# How can i play .avi file in Red Hat Linux 5



## vschitturi (Mar 26, 2008)

Hi,

How can i play .avi file in linux could anyone please help me. My Red Hat Linux version is 5.

Awaiting for your reply.

Thank you for your valuable time.


----------



## lotuseclat79 (Sep 12, 2003)

Hi vschitturi,

Assuming you have already tried to double-click the .avi file and nothing happened, then it is most likely there is a missing codec.

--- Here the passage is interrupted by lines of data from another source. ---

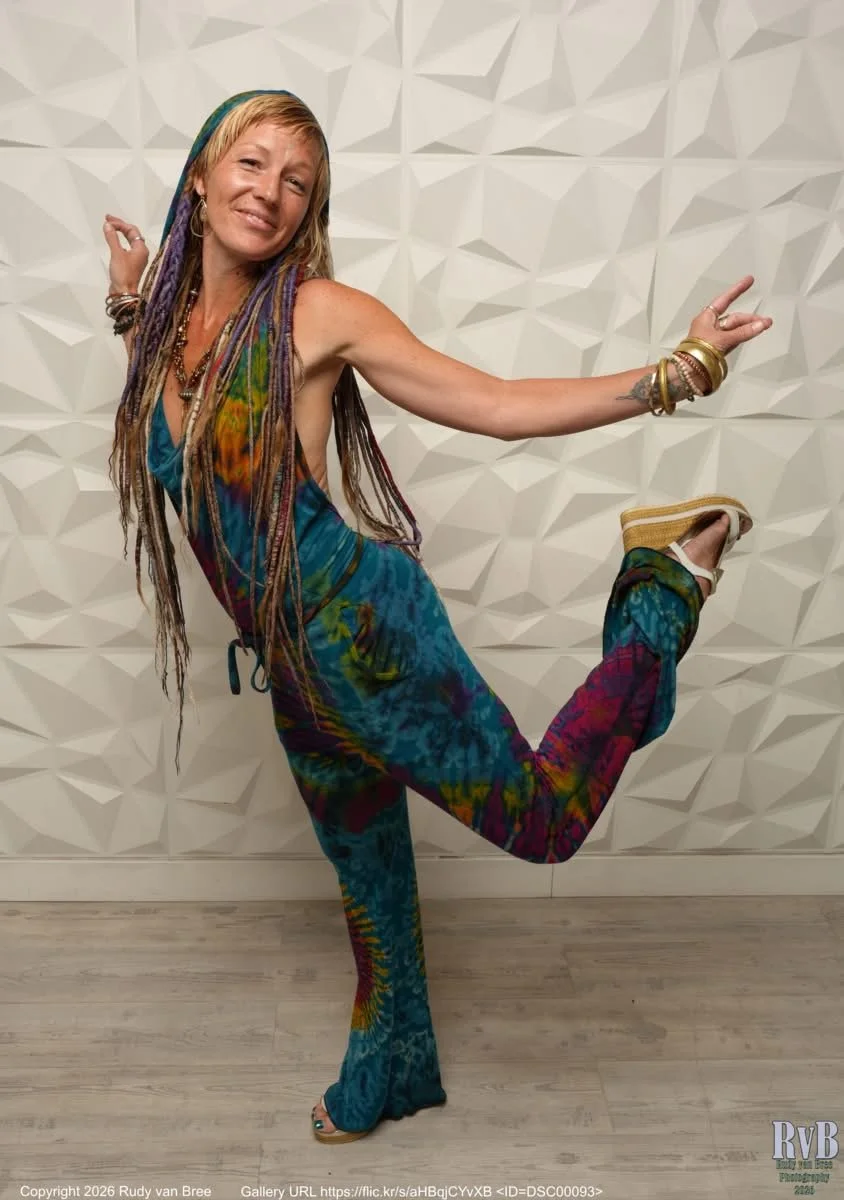 About Me Section for Myndy Jean in the Get Decoded Reports Website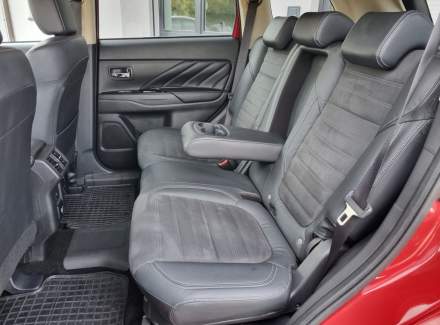 Mitsubishi - Outlander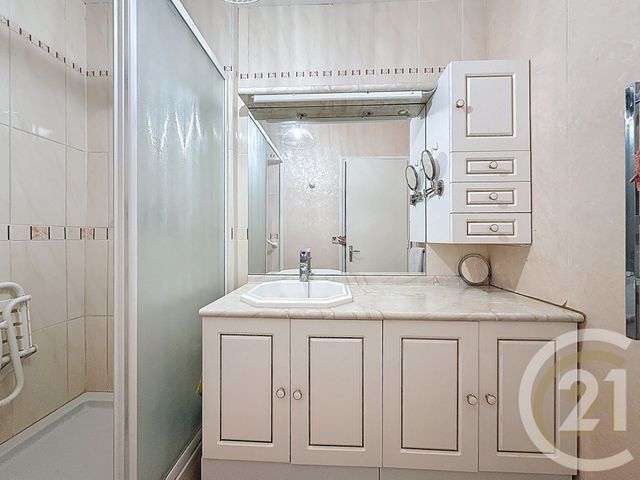 Appartement T4 à vendre - 5 pièces - 91.51 m2 - MAROMME - 76 - HAUTE-NORMANDIE - Century 21 Bruno Ferrand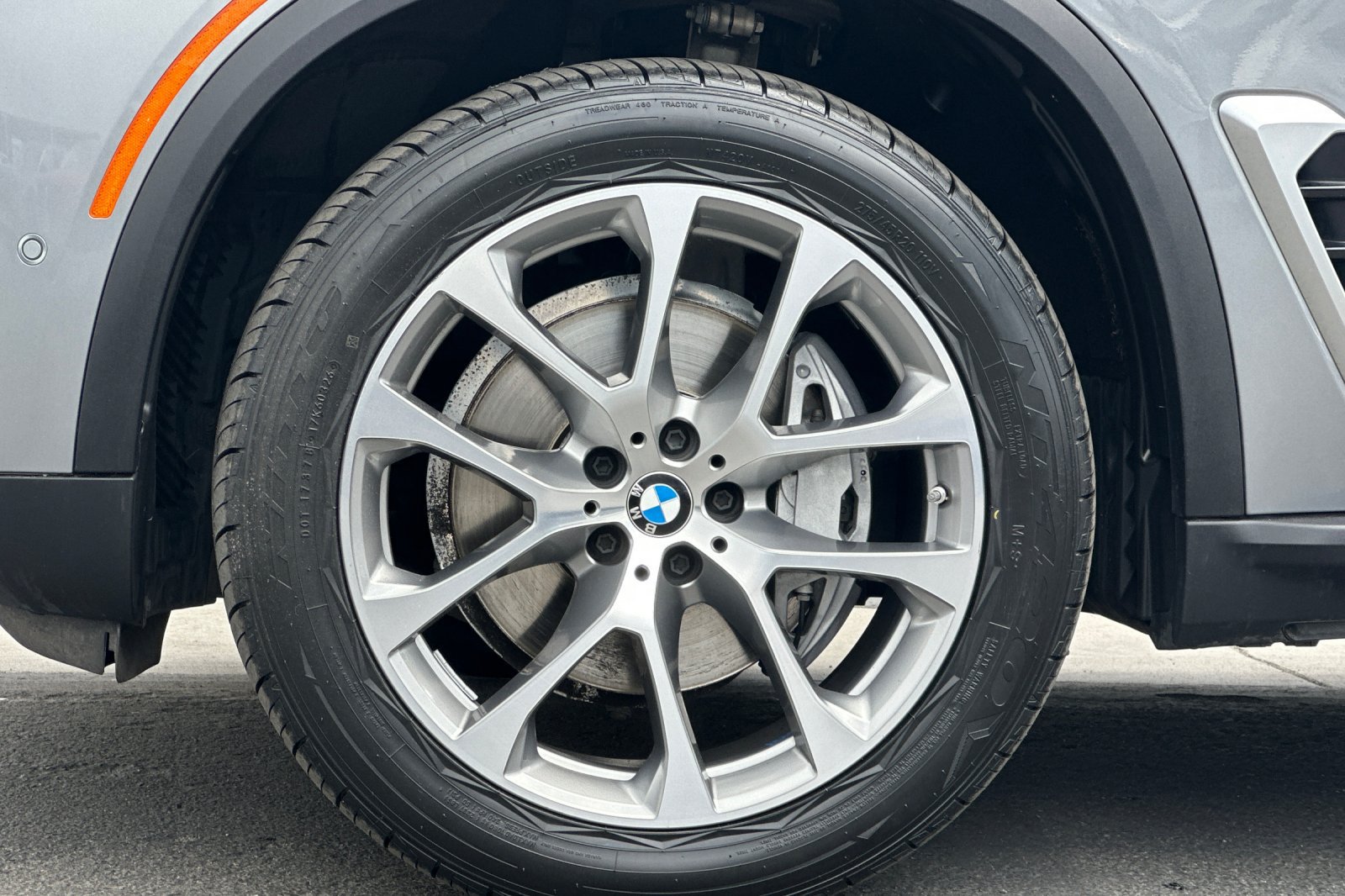 Used 2025 BMW X5 xDrive40i AWD/4WD image 26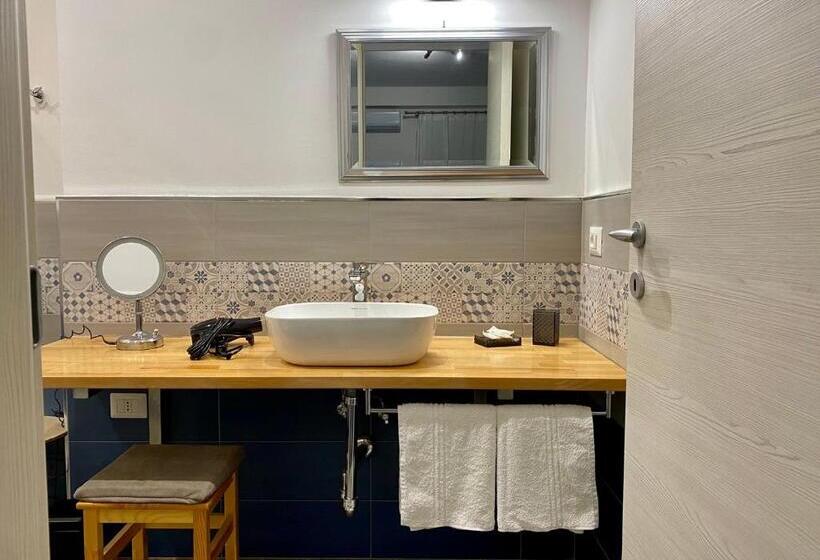 اتاق استاندارد, Chiaro Di Luna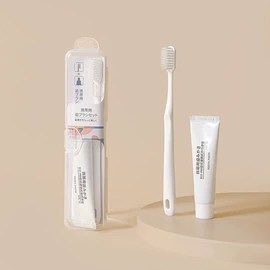 牙刷;一次性洗脸巾;婴儿牙刷牙膏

Have you tried asking the FedoraForum.org website?

-- Tom


----------



## vschitturi (Mar 26, 2008)

No Tom,

I did not get the exact .avi player for Red Hat Linux 5 so i want you to help me to get the .avi player download and installation steps briefly on Red Hat 5. So could you please help me on this.

Awaiting for your reply.

Thank you for your valauble time.


----------



## lotuseclat79 (Sep 12, 2003)

Hi vschitturi,

Try downloading the vlc player from the RH repositories with yum or whatever you use for downloading packages. If it is not in the repositories for RH5, then visit the vlc website and download the source code and compile it.

That's all I can really suggest, other than visiting the RH website for their user forum and asking for help there. While there look for documentation and/or a Wiki that would be helpful with information.

-- Tom


----------



## Divyesh (Jul 17, 2009)

I have seen all kinds of crazy formats beeing named as *.avi.

run the command 
CODE
file /path/to/your/film.avi


----------